*Data excerpt*
##########
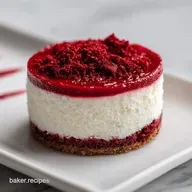 Red Velvet Cheesecake with Oreo Crust for 12 Servings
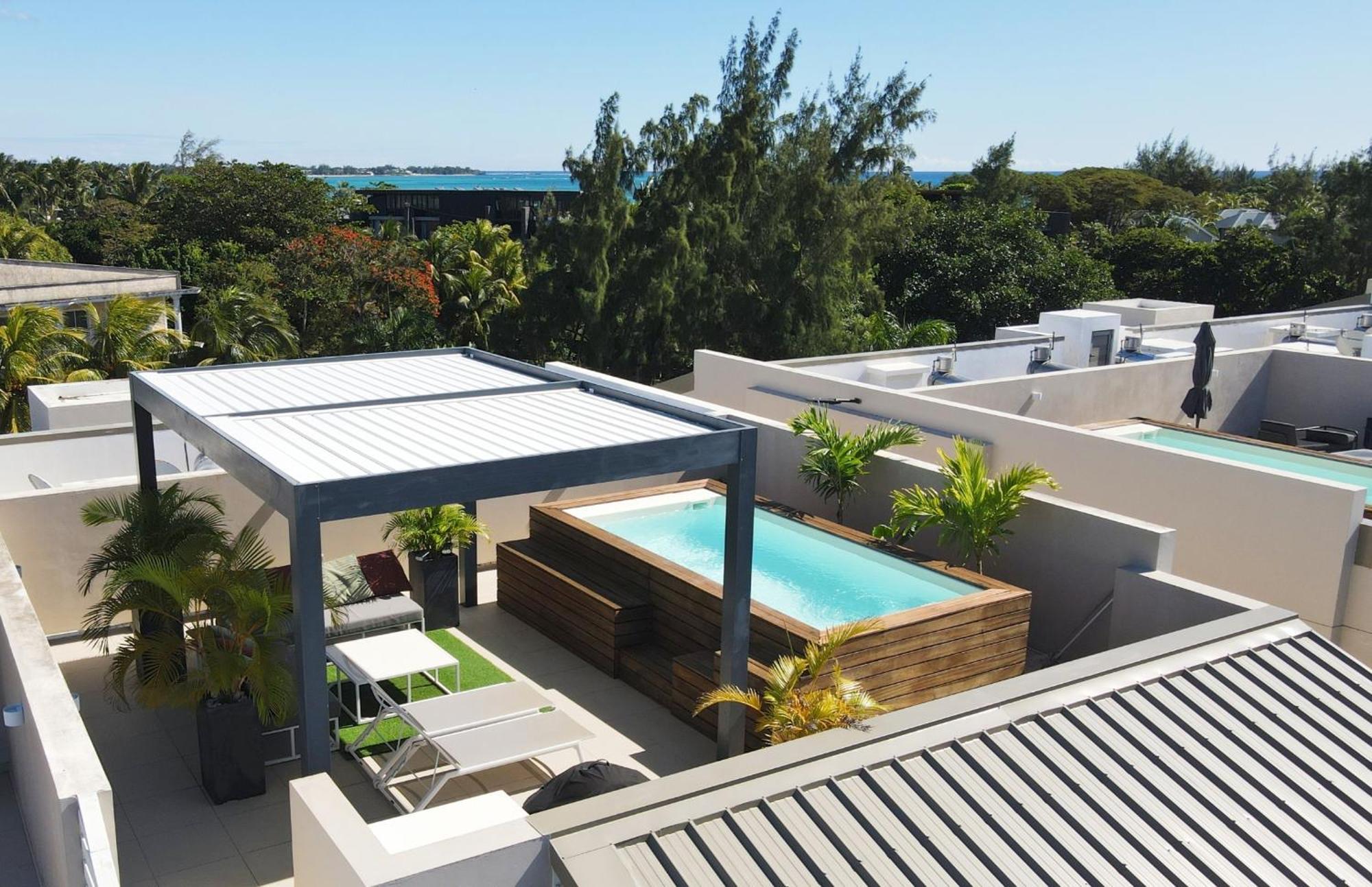 Villa Eden-2 Bedrooms With Private Rooftop Terrace & Pool, Access To Private Beachclub, Ki Residences, Pereybere - Managed By Ksn Гранд-Бэй Экстерьер фото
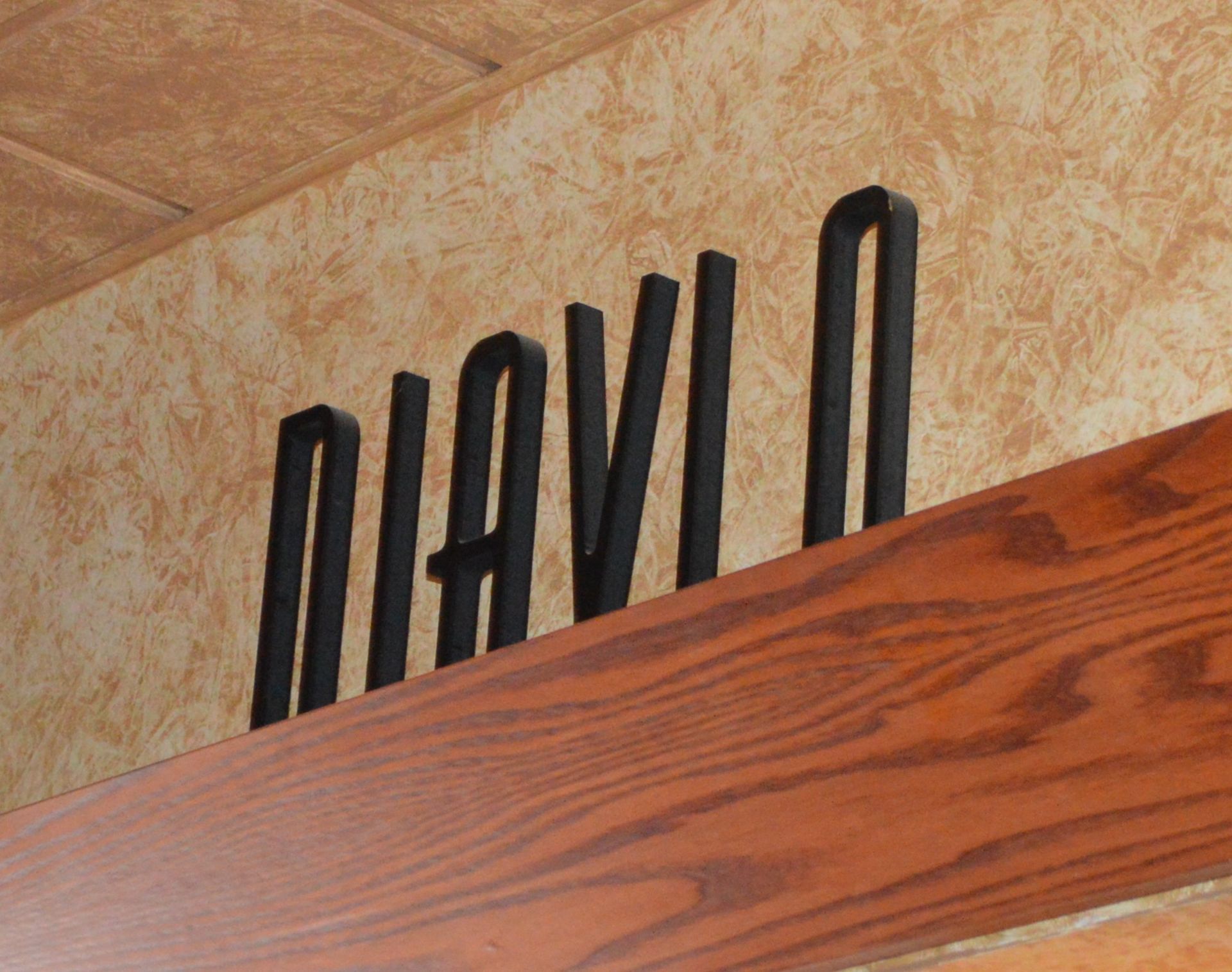 7 x Wooden Signs Suitable For Restaurants, Cafes, Bistros etc - Includes Ceasers Salad, Diavlo, - Image 8 of 9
##########
*Task statement*
A verbatim copy of the listing, with all pictures removed, is required.

*Answer space*
 Red Velvet Cheesecake with Oreo Crust for 12 Servings
 Villa Eden-2 Bedrooms With Private Rooftop Terrace & Pool, Access To Private Beachclub, Ki Residences, Pereybere - Managed By Ksn Гранд-Бэй Экстерьер фото
 7 x Wooden Signs Suitable For Restaurants, Cafes, Bistros etc - Includes Ceasers Salad, Diavlo, - Image 8 of 9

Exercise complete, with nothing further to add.